**** LISTED ENTRIES

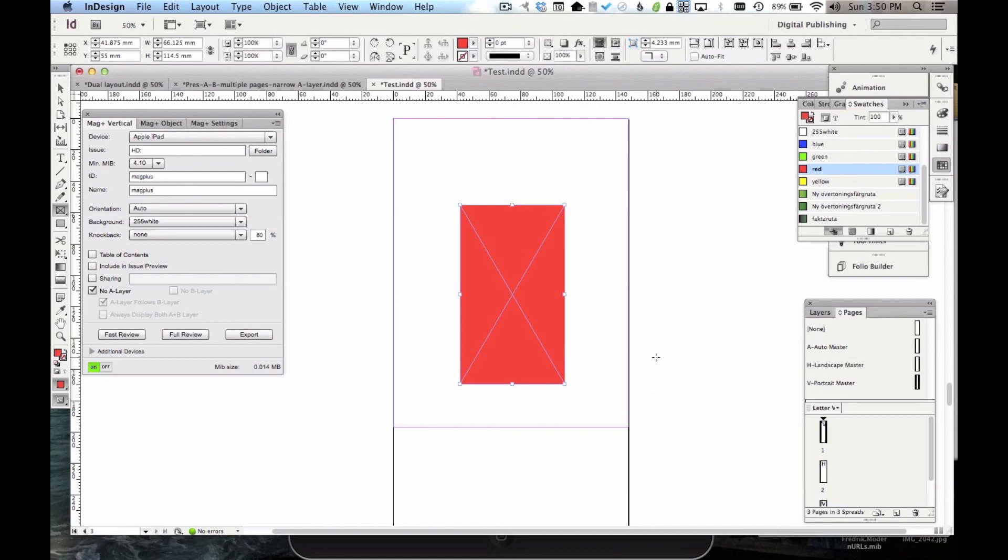That's really how easy it is to make something unique for each orientation using the new Dual Layout feature. We hope you'll have fun with it.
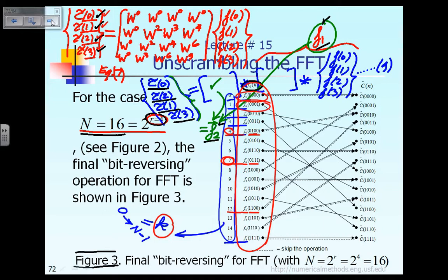The way to make it work is very simple. Suppose we already computed F4 of 7 — that is, F4 of 0,1,1,1 in binary. This computed value is supposed to move to a different location. How do you determine the new location? All you have to do is reverse the bit order. So 0,1,1,1 reversed becomes 1,1,1,0.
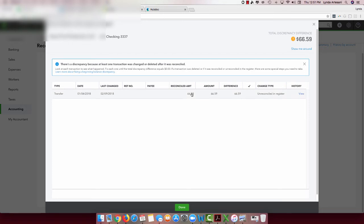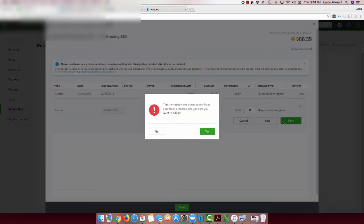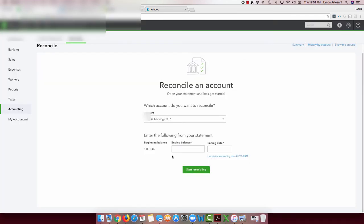I'm just going to click here on the transaction amount that was reconciled — this other box populates — and then all I have to do is come over here and click until the R comes back in. Click the word Save. The transaction is downloaded from the bank — are you sure you want to edit it? And I do, because it's messing up my bank rec. Now I'm back to zero and everything's wonderful.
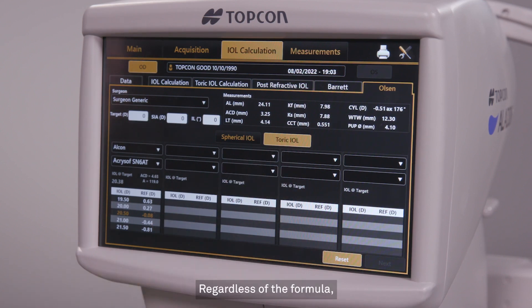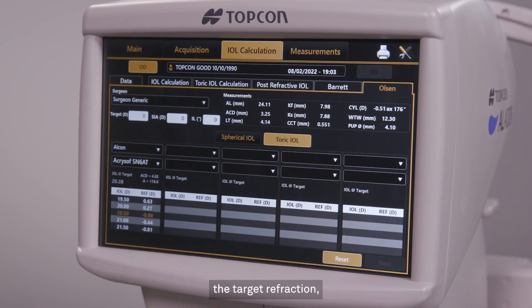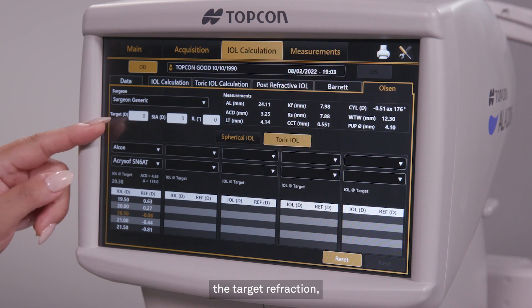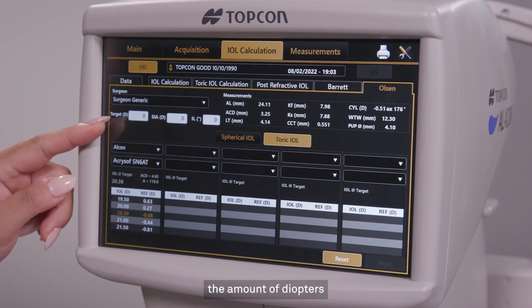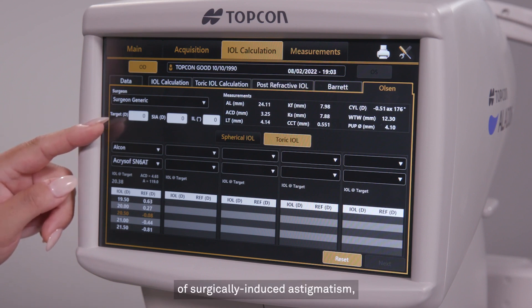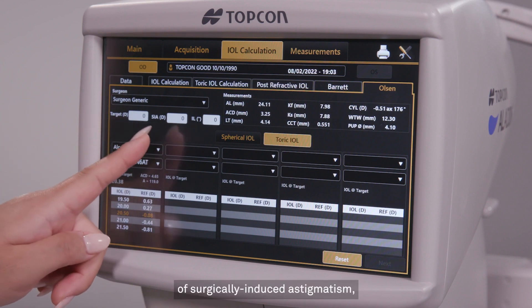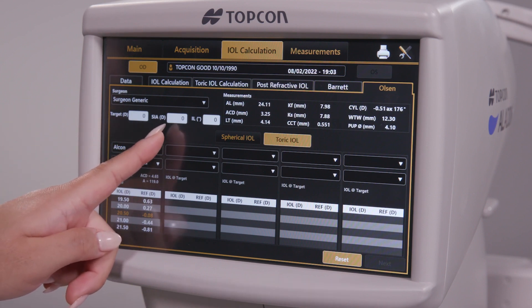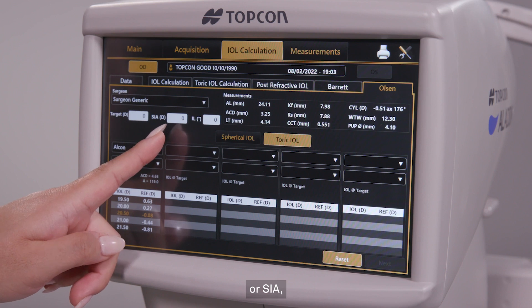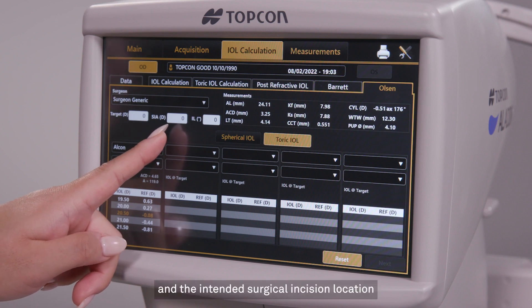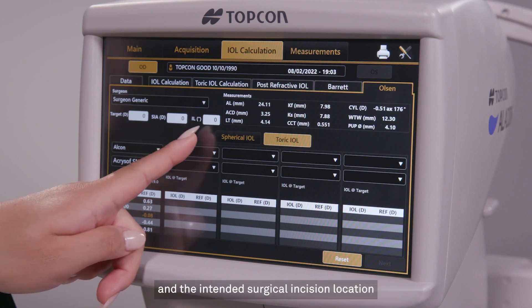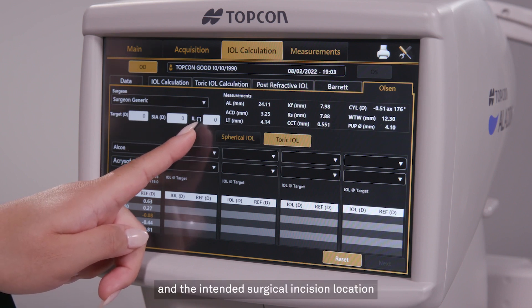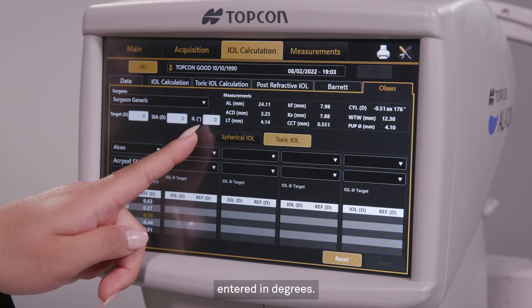Regardless of the formula, you will be asked to confirm the target refraction, the amount of diopters of surgically induced astigmatism, or SIA, and the intended surgical incision location entered in degrees.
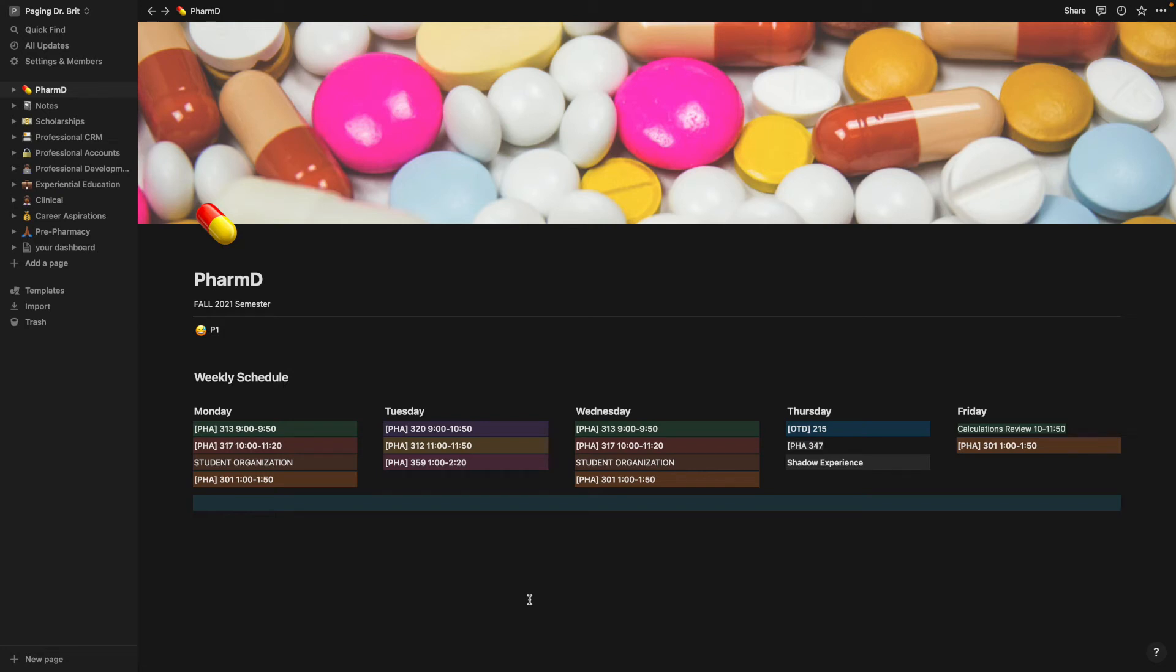I use Notion to organize my schoolwork as a graduate student. So I use Notion to organize all of the parts of my life, but today we're just going to be focusing on how I organize my school work.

********

Word for word, print every record, and leave out any picture.

That's really how easy it is to make something unique for each orientation using the new Dual Layout feature. We hope you'll have fun with it.
The way to make it work is very simple. Suppose we already computed F4 of 7 — that is, F4 of 0,1,1,1 in binary. This computed value is supposed to move to a different location. How do you determine the new location? All you have to do is reverse the bit order. So 0,1,1,1 reversed becomes 1,1,1,0.
I'm just going to click here on the transaction amount that was reconciled — this other box populates — and then all I have to do is come over here and click until the R comes back in. Click the word Save. The transaction is downloaded from the bank — are you sure you want to edit it? And I do, because it's messing up my bank rec. Now I'm back to zero and everything's wonderful.
Regardless of the formula, you will be asked to confirm the target refraction, the amount of diopters of surgically induced astigmatism, or SIA, and the intended surgical incision location entered in degrees.
I use Notion to organize my schoolwork as a graduate student. So I use Notion to organize all of the parts of my life, but today we're just going to be focusing on how I organize my school work.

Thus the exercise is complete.